The RAM addresses might be incorrect, as i don't know what core the registers are from. but i guess they are the registers from the core that crashed. is there a way to switch to the registers of the other core?

The Load from a non-RAM address might be the load of the format string that is a const char* in the flash. (only guessing here)

I can run the code with as many variations and repetitions as needed. I can switch to the hardware i2c implementation or turn off the i2c communication altogether. but it will be quite hard to reduce the code to a level where I can post it here. the surrounding peripherals are needed for the code. If worse comes to worst I can replace the devices with simulated ones that just return default values. I have a strong feeling it's not about hardware mutex. It's something about vsprintf and memory usage. but why is the other core sleeping then?

I'll continue testing stuff and try to find more evidence

Edit: I don't use volatile. I never had to use it to this point and i run a lot of parallel code on the ESP32 with almost the same code. I can run the code in -O0 to make sure its an optimization problem.

earlephilhower commented 2 years ago

A quick scan of a copy of Newlib shows Balloc calling _calloc_r which is not wrapped. That's the internal allocator and could wind up causing corruption as seen before, which only manifests itself some time later...

http://sourceware.org/git/?p=newlib-cygwin.git;a=blob;f=newlib/libc/stdlib/mprec.c;h=930c984cadbc3831c56537b3e0f4e754808ee859;hb=HEAD#l96

savejeff commented 2 years ago

can this be fixed the same way realloc was wrapped ?

earlephilhower commented 2 years ago

Just thinking about it there seems to be 2 ways to adjust this:

  1. Wrap the XXXXx_r instead of the "well known names"
  2. Adjust Newlib to call the well known, wrapped name here (and elsewhere?)

1 would actually be an issue due to pico-sdk. Need changes there and then they'd be tied to newlib and not glibc.

2 is under our control (I have patch support already) but requires a scan to see if there's any reason they're calling the internal fcn. as well as finding out where else it might need to be patched.

I think 2 is the way we'll go, but it'll be over the weekend to find out. Either way requires a toolchain rebuild (no biggie, but another 80MB download).

savejeff commented 2 years ago

image

just ran without any optimizsations -O0 and got the same crash after around the same usual time of 15-20min. i think that rules out volatile usage

earlephilhower commented 2 years ago

The key issue here wasn't the optimization, but the timing of memory operations in both cores overlapping. There are actually quite a few malloc_rs in the printf code and other bits of Newlib, so I think I'll actually try (1) but with the wrapper of XXX_r being local to this repo and in addition to the upper-level Pico-SDK locks.

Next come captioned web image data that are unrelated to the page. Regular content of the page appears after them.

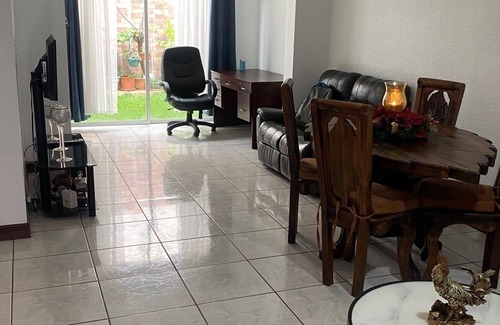 Heredia House | Lodging Near the Airport
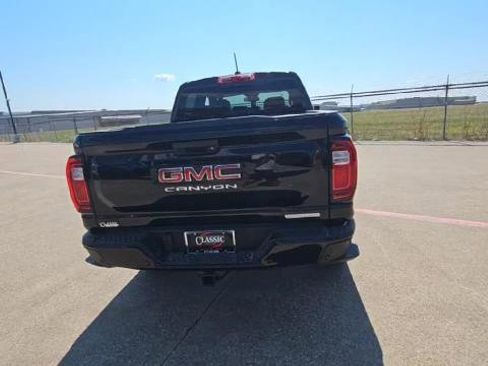 New 2026 GMC Canyon Elevation w/ Convenience Package image 94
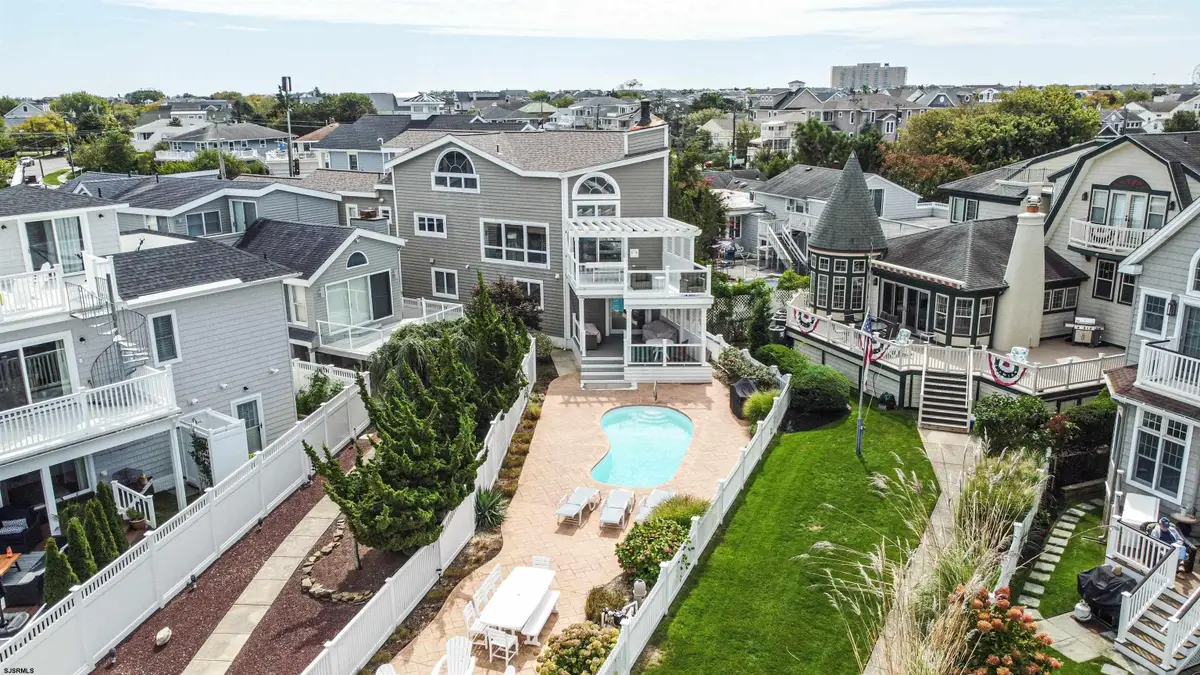 112 W Atlantic Blvd, Ocean City, NJ 08226 - Image #1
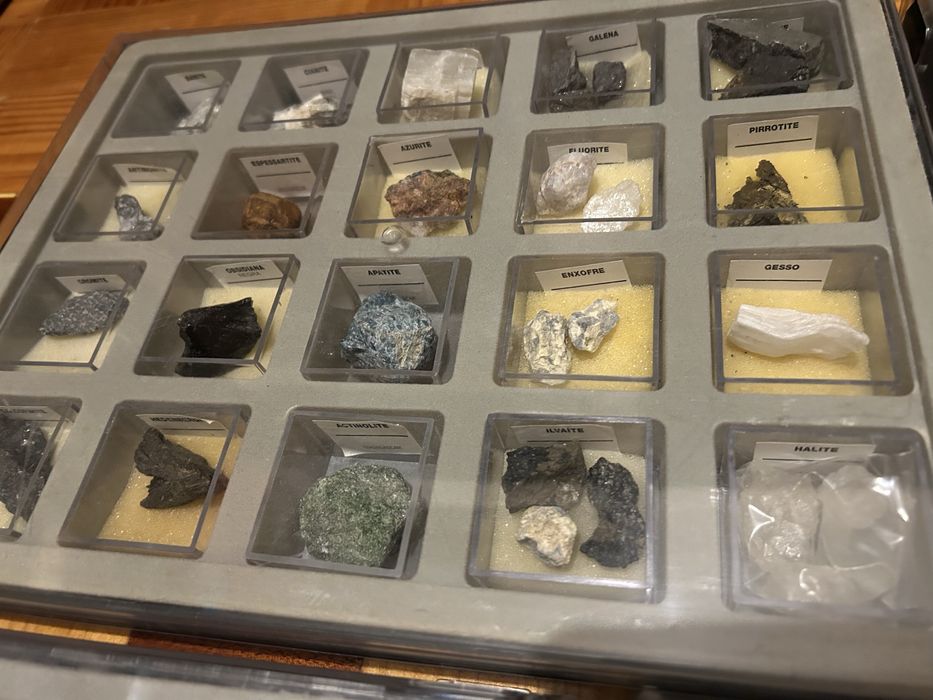 Coleção de Minerais e Pedras Preciosas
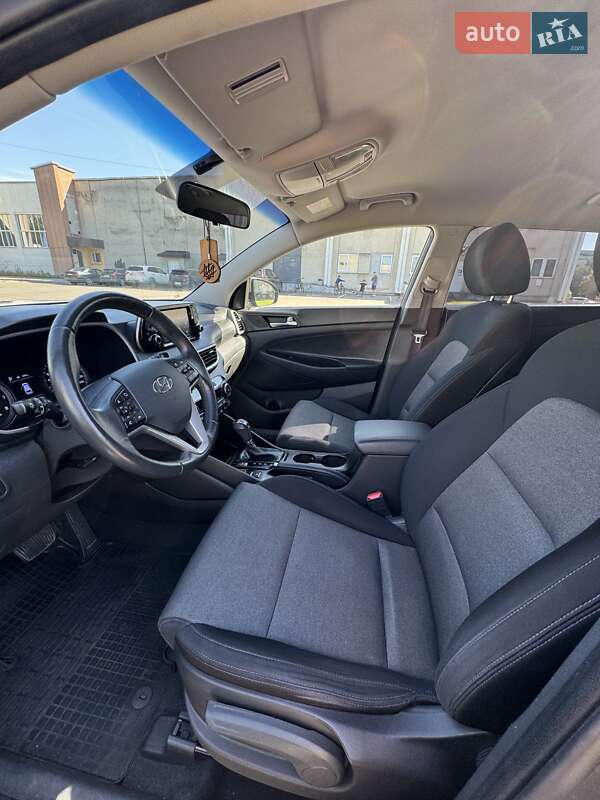 Внедорожник / Кроссовер Hyundai Tucson 2020 в Новояворовске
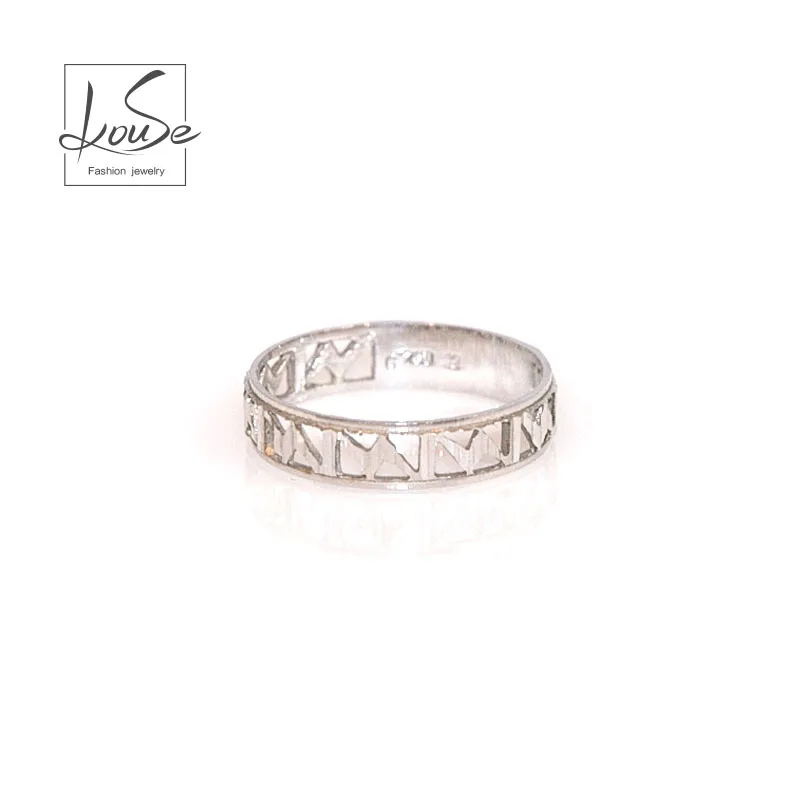 

18-karat gold lady ring can bring you an avant-garde and elegant attitude to life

IIRC, the ESP32 uses newlib but it also uses its own memory manager(UMM, like we use on the ESP8266 Arduino core), so these kinds of issues wouldn't pop up for them as the code is completely different.

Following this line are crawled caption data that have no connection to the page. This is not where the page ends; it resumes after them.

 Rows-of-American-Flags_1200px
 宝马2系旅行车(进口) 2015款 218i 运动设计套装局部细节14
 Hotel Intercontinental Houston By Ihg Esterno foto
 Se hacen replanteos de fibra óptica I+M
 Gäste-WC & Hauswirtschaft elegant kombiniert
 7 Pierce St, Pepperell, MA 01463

savejeff commented 2 years ago

I just want to make sure its not something i messed up before you sit on this over the weekend. I tried the hardware I2C implementation -> same printf float error.

earlephilhower commented 2 years ago

Looks like the proper way is to fix my Newlib port. Right now sys/lock.h is a noop.

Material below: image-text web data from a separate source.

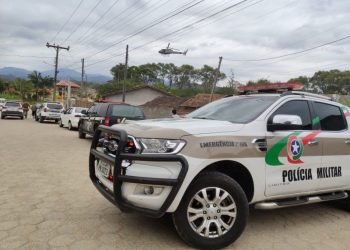Operação policial tenta localizar suspeito de matar homem, em Canelinha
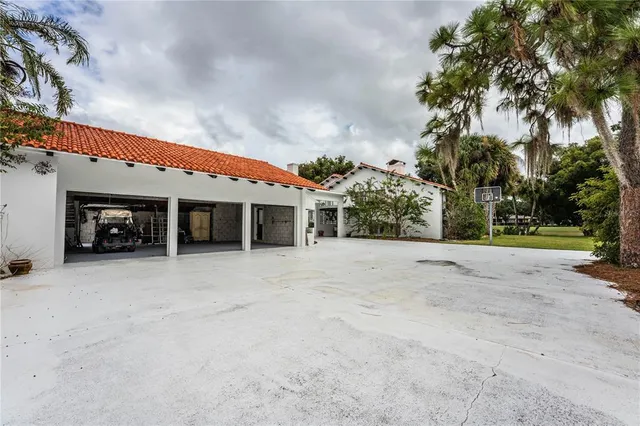 $650,000 | 421 Lone Palm Drive, Lakeland, FL 33815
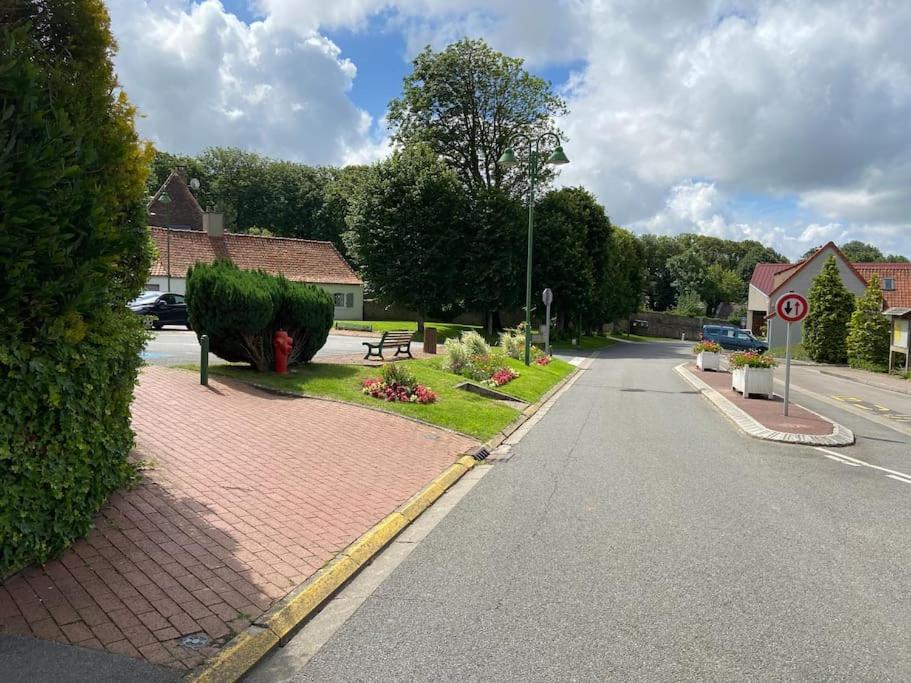 Maison De Village Avec Jardin 15Mn Des Plages, Wifi, 2 Chambres, Jardin Hesdin-lʼAbbé Kültér fotó
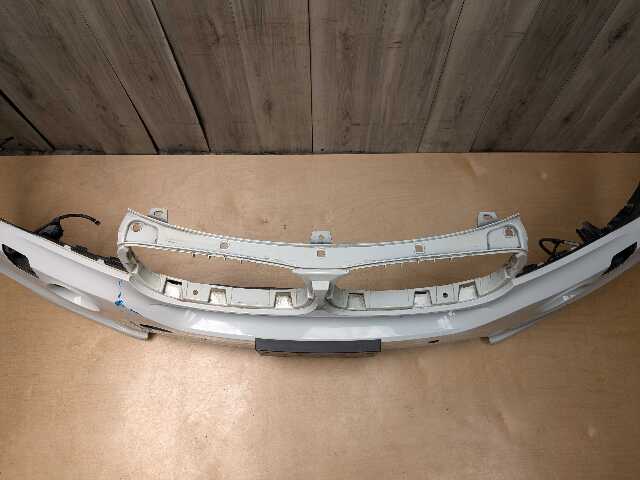NOTE* 14-18 OEM BMW F15 X5 Front Bumper Cover Panel White 300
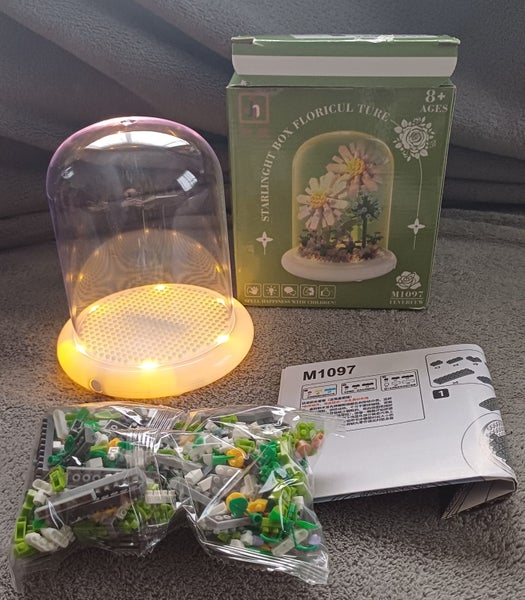Building block flower in dome Brand new unused Carousel 1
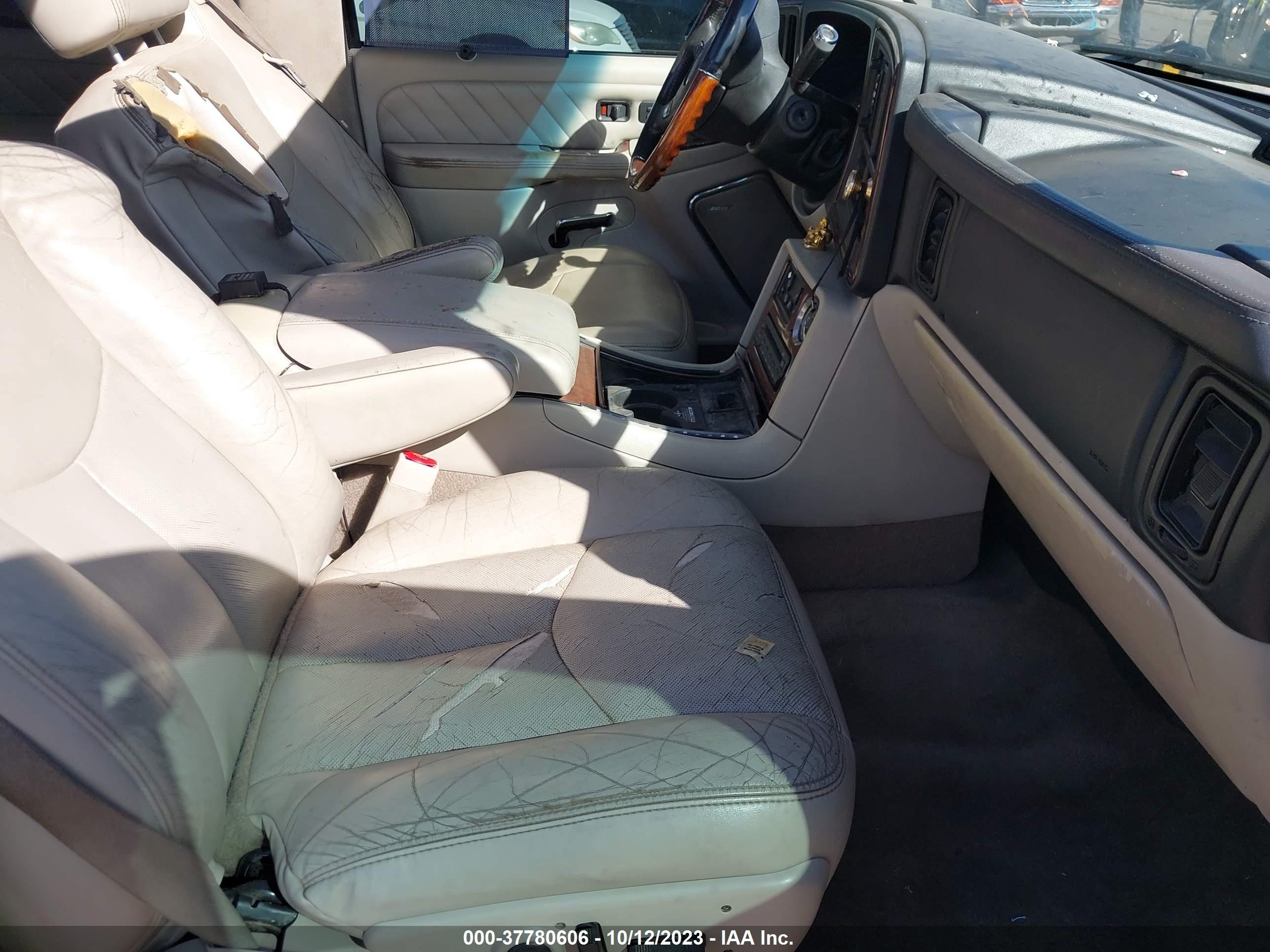 Photo 4 VIN: 3GYFK66N85G235754 - CADILLAC ESCALADE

Wrapping calloc_r and malloc_r probably would not work as calloc may end up calling the internal malloc_r if it can't expand the block...

From mlock.c

The <<malloc>> family of routines call these functions when they need to lock
the memory pool.  The version of these routines supplied in the library use
the lock API defined in sys/lock.h.  If multiple threads of execution can
call <<malloc>>, or if <<malloc>> can be called reentrantly, then you need to
define your own versions of these functions in order to safely lock the
memory pool during a call.  If you do not, the memory pool may become
corrupted.

A call to <<malloc>> may call <<__malloc_lock>> recursively; that is,
the sequence of calls may go <<__malloc_lock>>, <<__malloc_lock>>,
<<__malloc_unlock>>, <<__malloc_unlock>>.  Any implementation of these
routines must be careful to avoid causing a thread to wait for a lock
that it already holds.
savejeff commented 2 years ago

Hm. All my printf calls go through a single function what returns a String and its called s_printf(...). If this is actually a concurrency problem i should be able to fix this with a mutex in that function. ill try that tomorrow morning

earlephilhower commented 2 years ago

@savejeff can you give #638 a try? It's not a 100% fix, but should clean up any memory allocator issues at a high level.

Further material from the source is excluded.